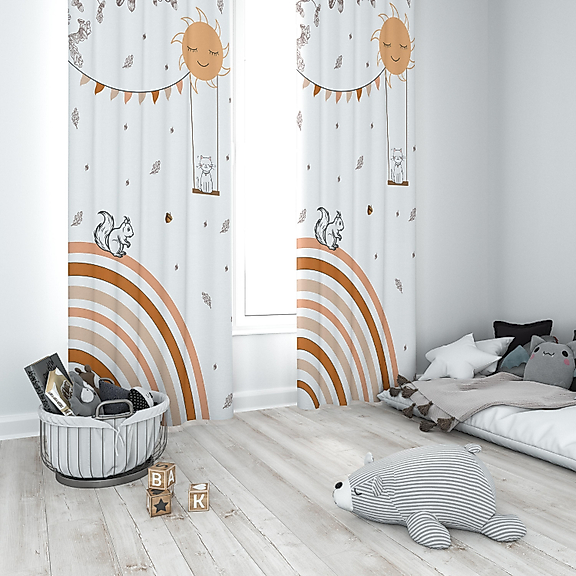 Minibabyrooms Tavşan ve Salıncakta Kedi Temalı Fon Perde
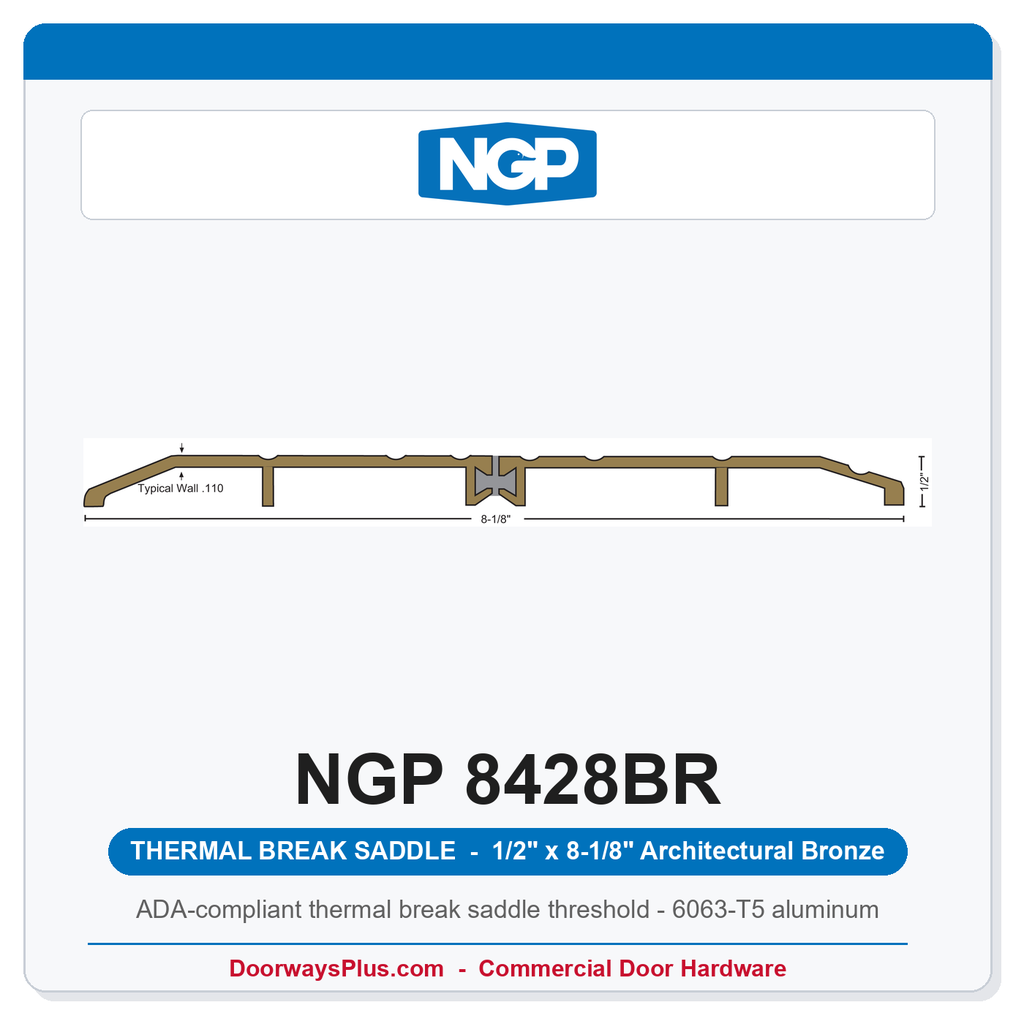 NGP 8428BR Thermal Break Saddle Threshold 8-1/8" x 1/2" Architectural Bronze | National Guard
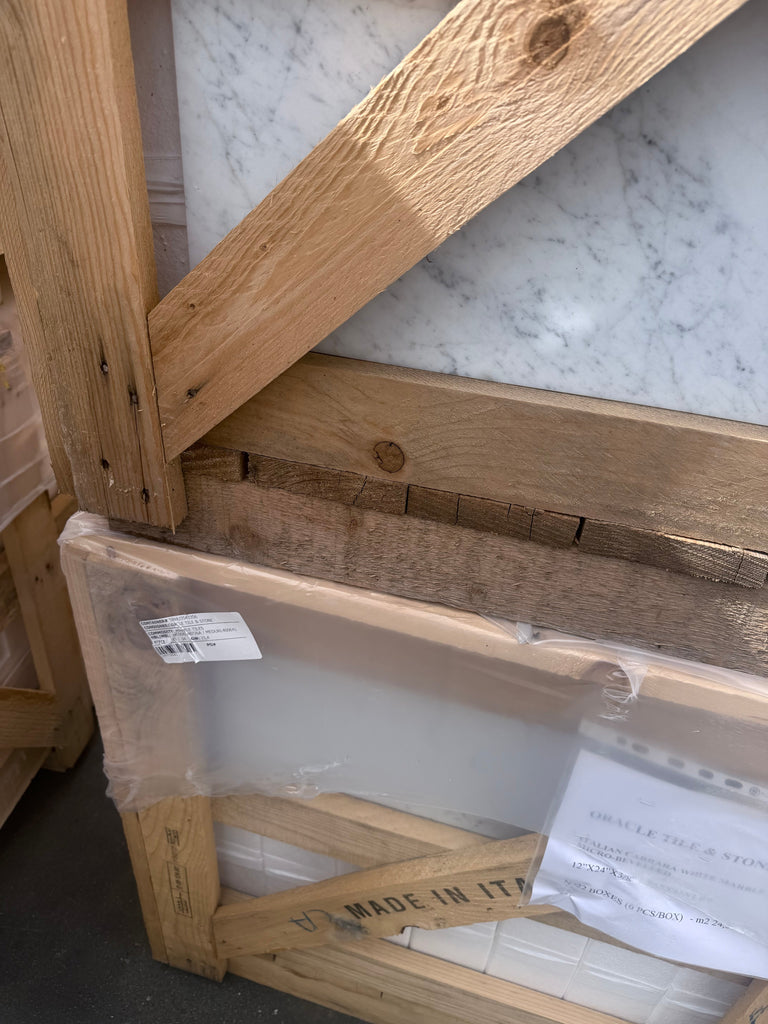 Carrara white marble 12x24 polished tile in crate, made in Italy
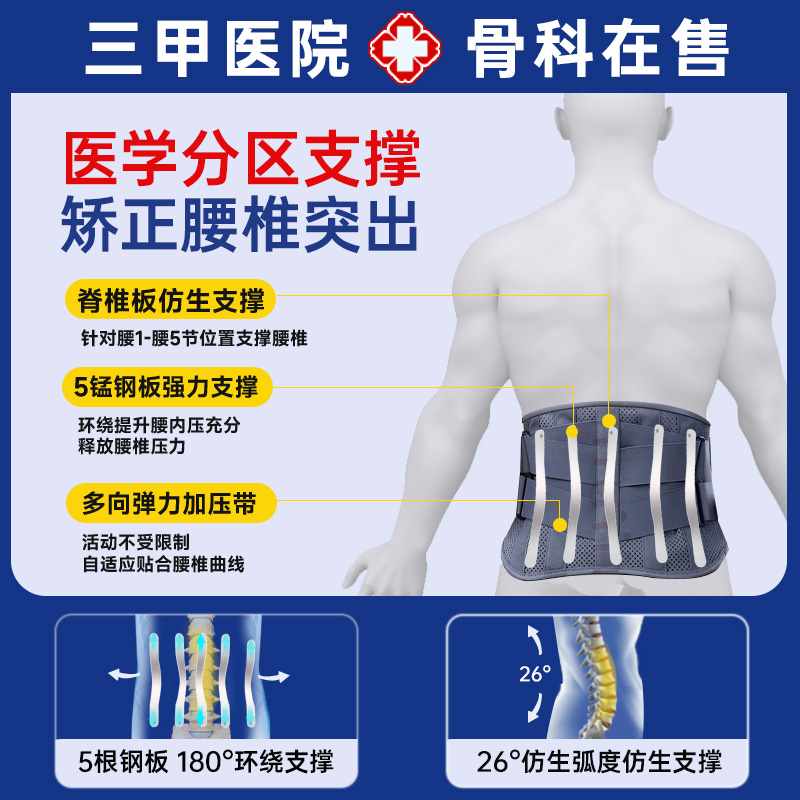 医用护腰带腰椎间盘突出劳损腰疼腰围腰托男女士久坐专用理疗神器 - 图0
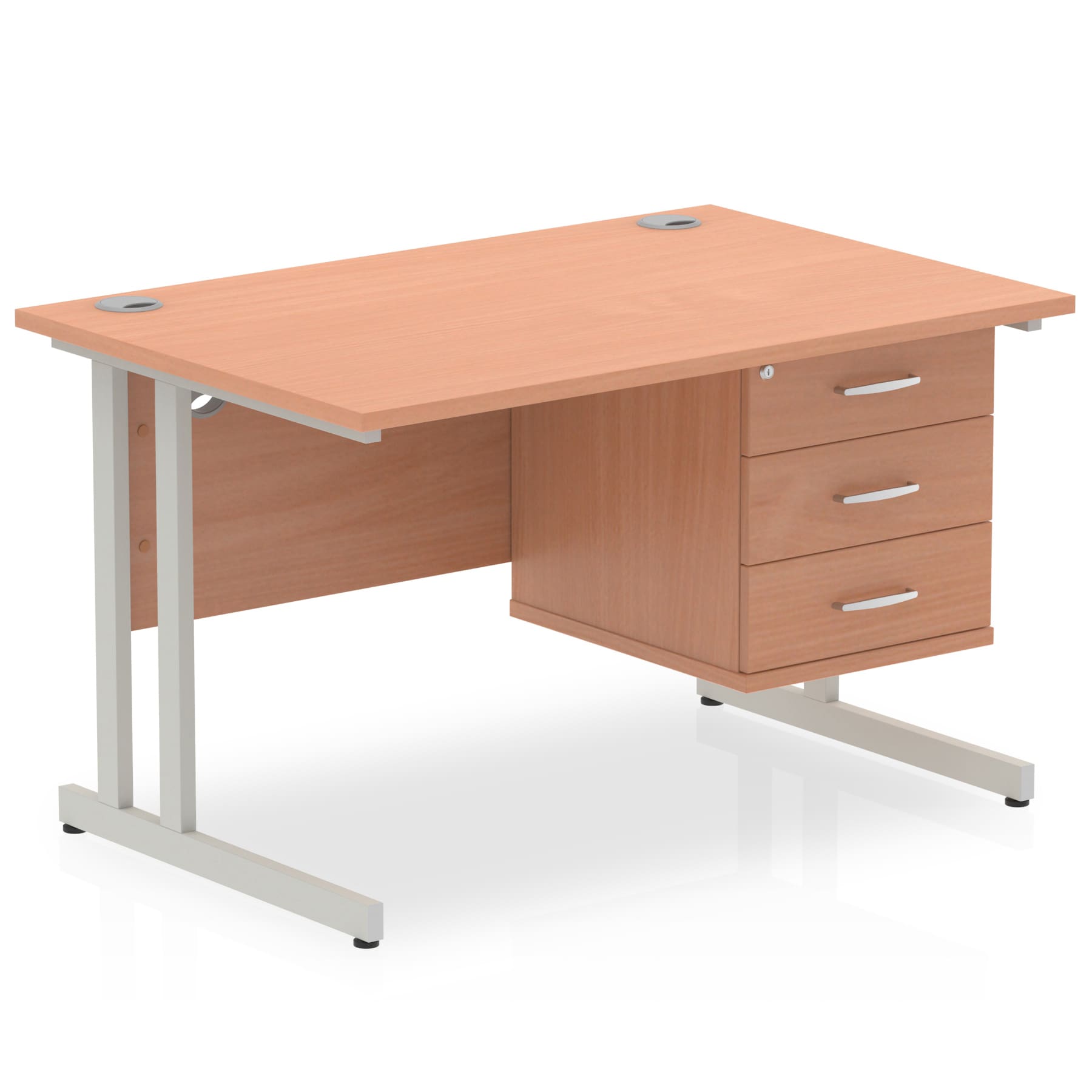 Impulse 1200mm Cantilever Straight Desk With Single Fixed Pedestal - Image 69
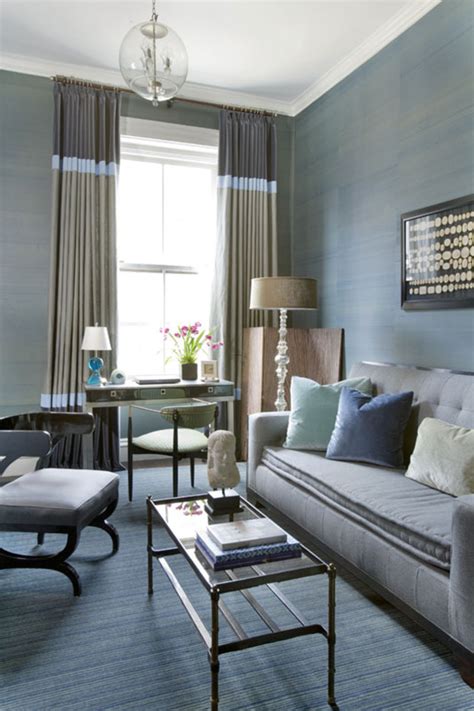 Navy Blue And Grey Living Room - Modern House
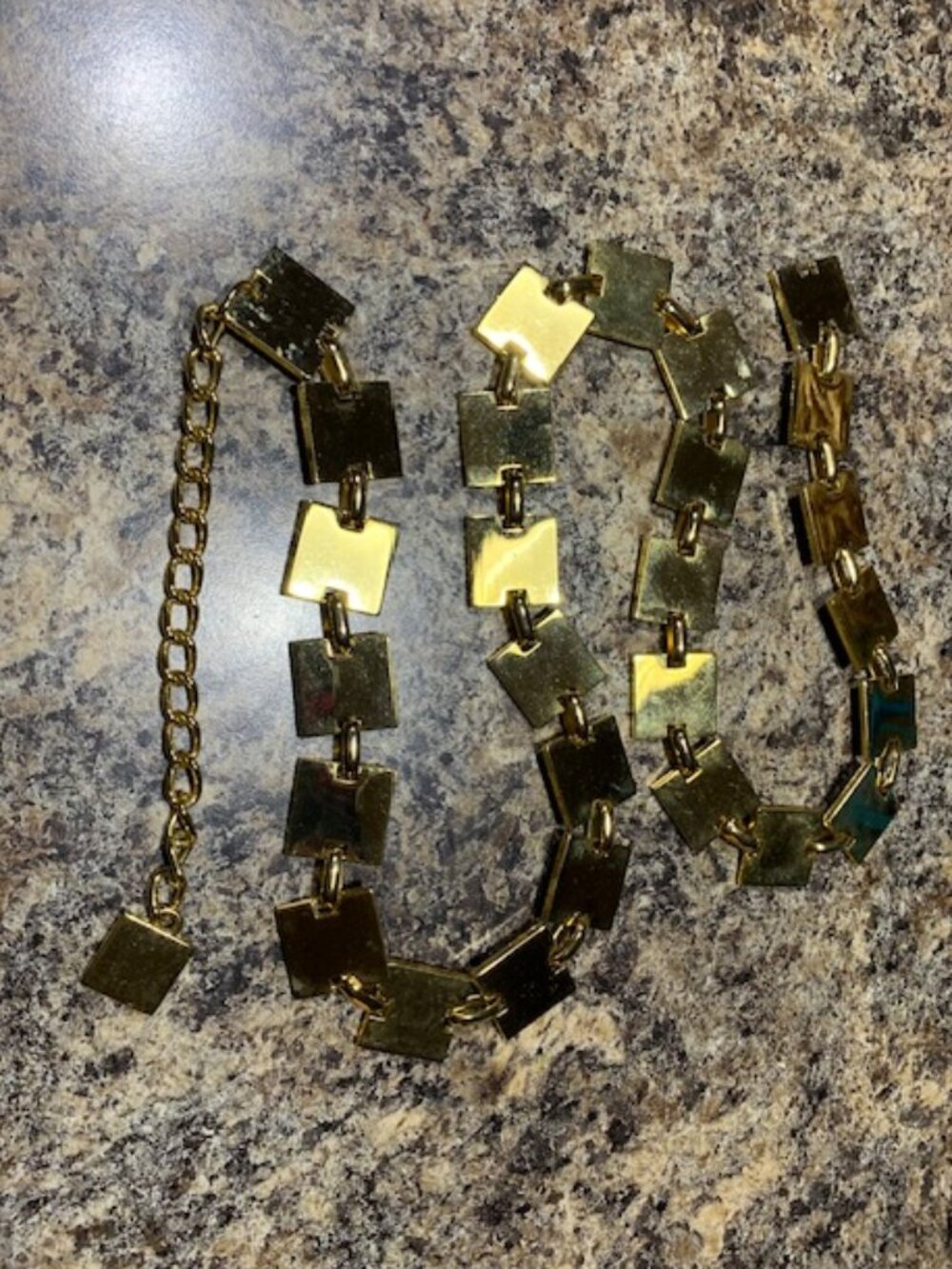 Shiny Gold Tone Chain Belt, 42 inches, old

◇ ◇ ◇ ◇

No pictures belong in the copy: reproduce exactly the lines above from the one that contains "Carrara white marble" through the last line of the entries.

## Task solution
 Carrara white marble 12x24 polished tile in crate, made in Italy
 医用护腰带腰椎间盘突出劳损腰疼腰围腰托男女士久坐专用理疗神器 - 图0
 Impulse 1200mm Cantilever Straight Desk With Single Fixed Pedestal - Image 69
 Navy Blue And Grey Living Room - Modern House
 Shiny Gold Tone Chain Belt, 42 inches, old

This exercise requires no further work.